- **Task**
Print each entry in full, word for word, with no pictures in the result.

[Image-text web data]
....................

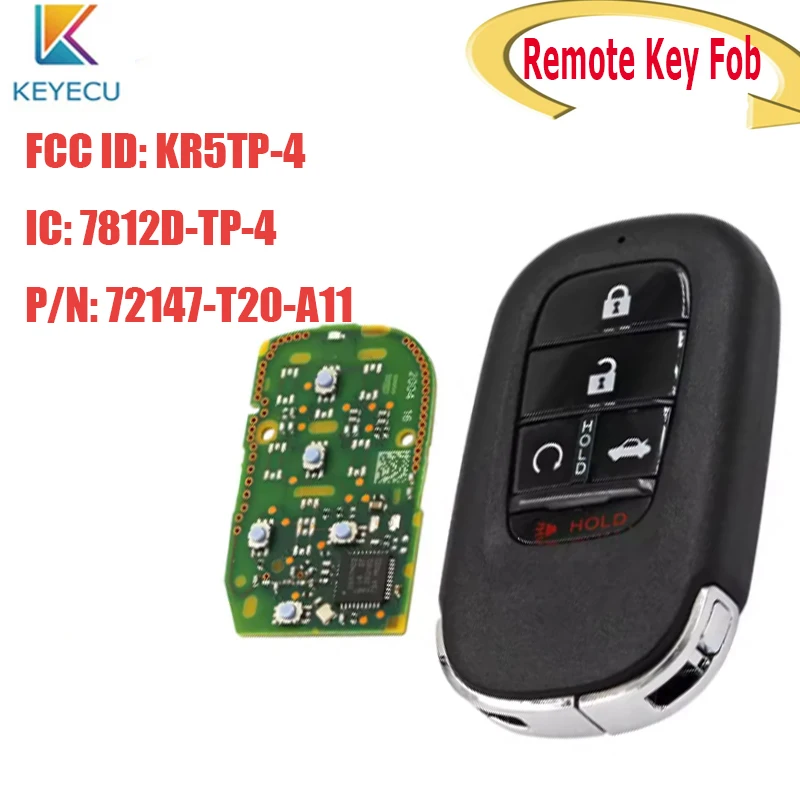 KEYECU Smart Remote Car Key Fob for Honda Accord Civic HR-V CR-V Pilot 2022 2023 2024 433.92MHz 4A Chip 72147-T20-A11 4/5Buttons
KEYECU Smart Remote Car Key Fob for Honda Accord Civic HR-V CR-V Pilot 2022 2023 2024 433.92MHz 4A Chip 72147-T20-A11 4/5Buttons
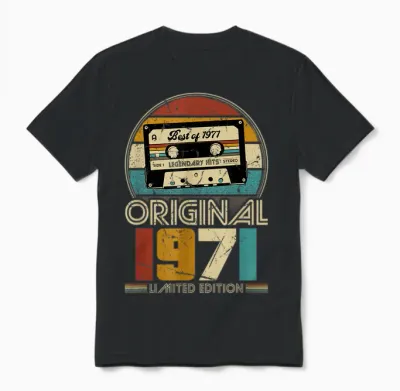 1971 Vintage Birthday Retro Vintage Men's Women's Gift T-Shirt, Black Unisex T-Shirt - Black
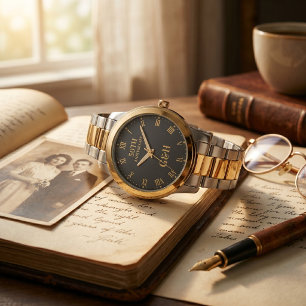 Pulsera Reloj elegante de monograma de aniversario de oro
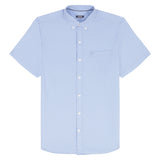 BIG & TALL BREEZE S/S PRINTED BUTTON-DOWN SHIRT - CORNFLOWER BLUE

....................

- **Result for this task**
 KEYECU Smart Remote Car Key Fob for Honda Accord Civic HR-V CR-V Pilot 2022 2023 2024 433.92MHz 4A Chip 72147-T20-A11 4/5Buttons
KEYECU Smart Remote Car Key Fob for Honda Accord Civic HR-V CR-V Pilot 2022 2023 2024 433.92MHz 4A Chip 72147-T20-A11 4/5Buttons
 1971 Vintage Birthday Retro Vintage Men's Women's Gift T-Shirt, Black Unisex T-Shirt - Black
 Pulsera Reloj elegante de monograma de aniversario de oro
 BIG & TALL BREEZE S/S PRINTED BUTTON-DOWN SHIRT - CORNFLOWER BLUE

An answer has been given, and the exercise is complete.